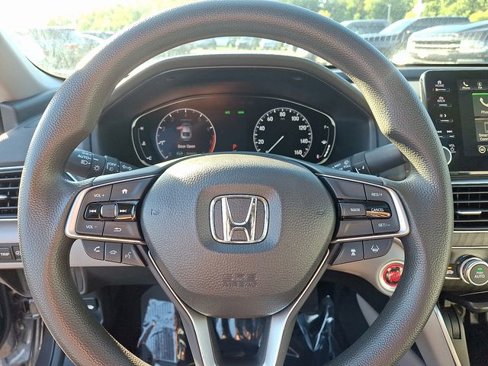 Used 2018 Honda Accord EX image 22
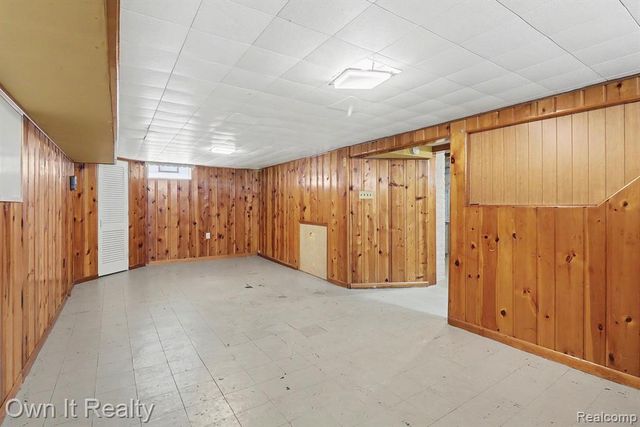 1821 Academy Street, Dearborn, MI 48124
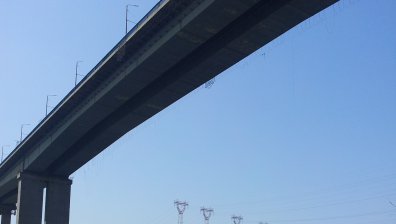 Мъж скочи от Аспаруховия мост във Варна, лекарите не успяха да го спасят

Your instructions
Every line above needs to be written out again as it stands. Pictures do not belong in the copy.

Solution for this exercise
 Used 2018 Honda Accord EX image 22
 1821 Academy Street, Dearborn, MI 48124
 Мъж скочи от Аспаруховия мост във Варна, лекарите не успяха да го спасят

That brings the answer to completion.